*** Input material Section Begins ***
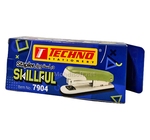 AGRAFEUSEDE BUREAU  24/6 26/6 25F/80G SKILLFUL TECHNO 7904 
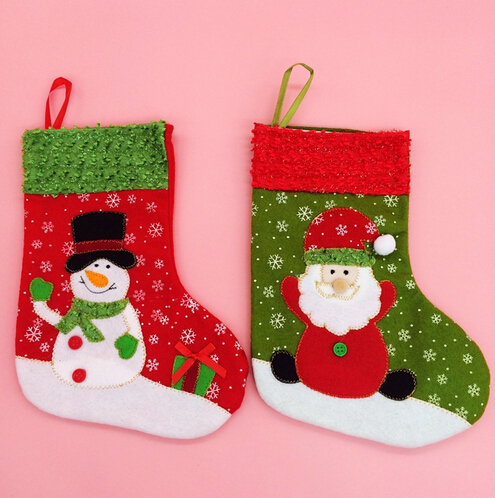 online get cheap personalized christmas stockings online get cheap personalized christmas stockings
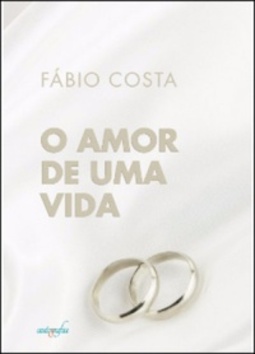 O Amor de Uma Vida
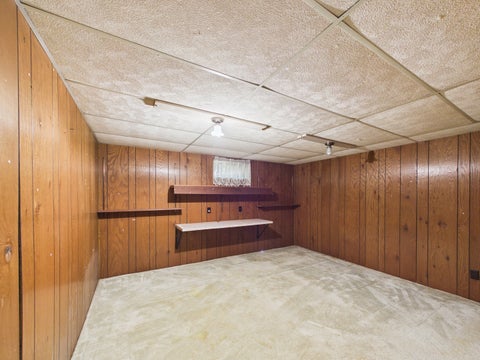 Tiny photo for 3862 Westfield Road, Winnebago, IL 61088 (MLS # 12753793)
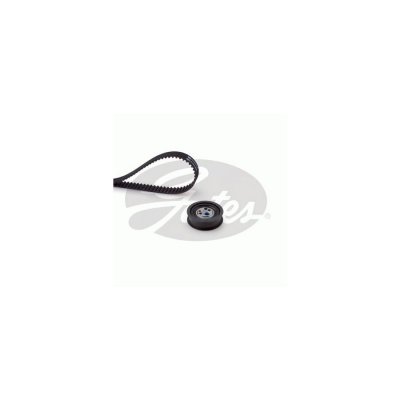 GATES Kit de distribution PowerGrip&reg; K025308 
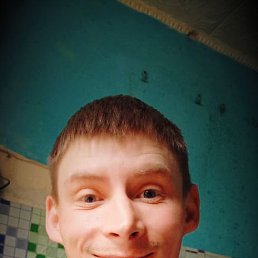 , 33,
*** Input material Section Ends ***
| Work to be completed |
Would you reproduce the lines above exactly, without carrying over the pictures?

| Exercise response |
 AGRAFEUSEDE BUREAU  24/6 26/6 25F/80G SKILLFUL TECHNO 7904 
 online get cheap personalized christmas stockings online get cheap personalized christmas stockings
 O Amor de Uma Vida
 Tiny photo for 3862 Westfield Road, Winnebago, IL 61088 (MLS # 12753793)
 GATES Kit de distribution PowerGrip&reg; K025308 
 , 33,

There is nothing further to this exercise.